[Short descriptive text snippets]
+++

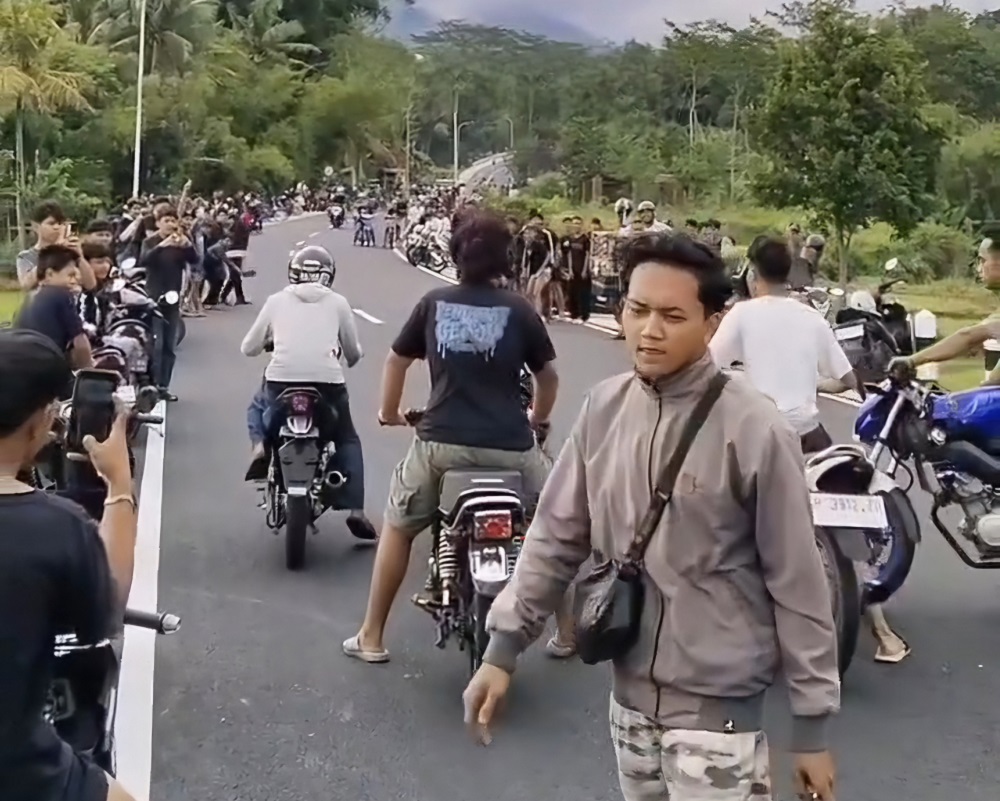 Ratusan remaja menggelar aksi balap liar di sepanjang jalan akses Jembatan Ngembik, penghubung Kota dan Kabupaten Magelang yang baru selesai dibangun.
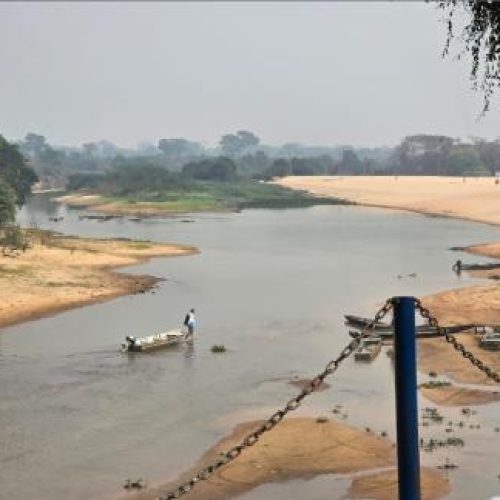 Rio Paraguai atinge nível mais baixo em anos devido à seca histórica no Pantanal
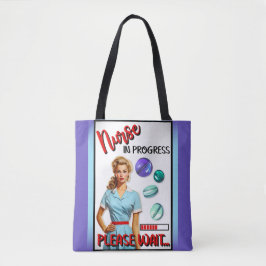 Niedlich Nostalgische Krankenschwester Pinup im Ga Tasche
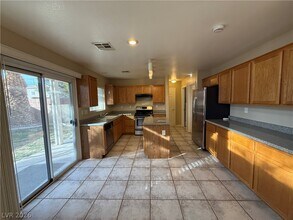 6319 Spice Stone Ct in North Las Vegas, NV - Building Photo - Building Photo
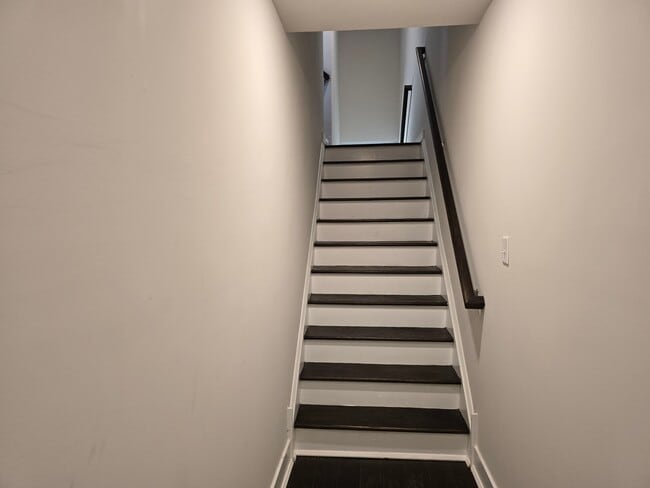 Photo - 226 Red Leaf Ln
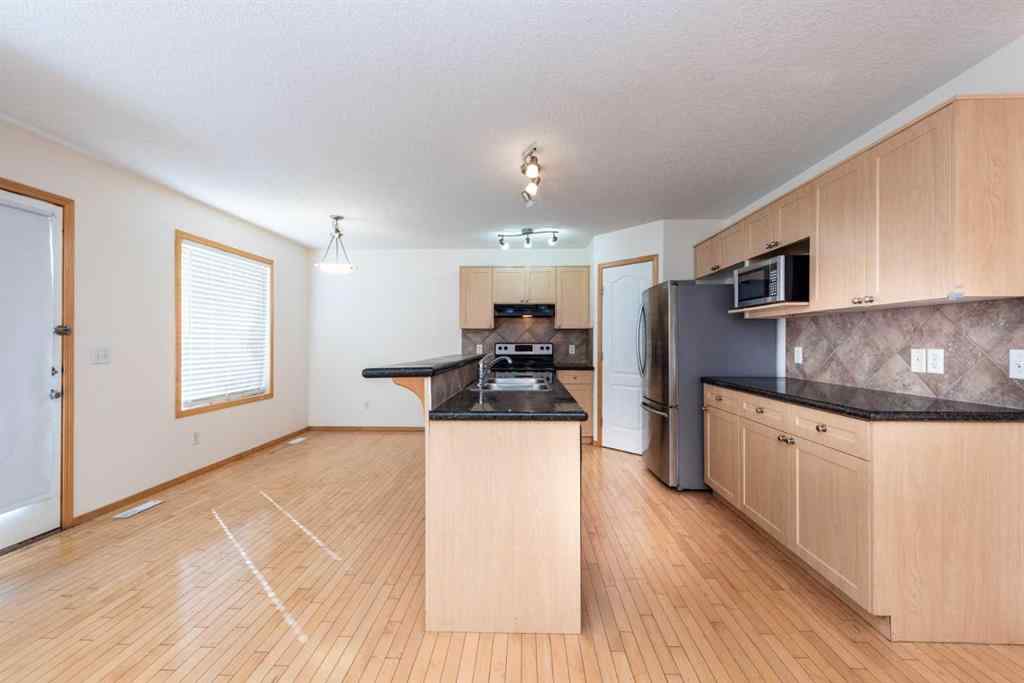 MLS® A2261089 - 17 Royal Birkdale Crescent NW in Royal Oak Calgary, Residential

+++

--- Directions for this task ---
In transcribing the lines above, omit the images and keep all else exact.

--- Your solution ---
 Ratusan remaja menggelar aksi balap liar di sepanjang jalan akses Jembatan Ngembik, penghubung Kota dan Kabupaten Magelang yang baru selesai dibangun.
 Rio Paraguai atinge nível mais baixo em anos devido à seca histórica no Pantanal
 Niedlich Nostalgische Krankenschwester Pinup im Ga Tasche
 6319 Spice Stone Ct in North Las Vegas, NV - Building Photo - Building Photo
 Photo - 226 Red Leaf Ln
 MLS® A2261089 - 17 Royal Birkdale Crescent NW in Royal Oak Calgary, Residential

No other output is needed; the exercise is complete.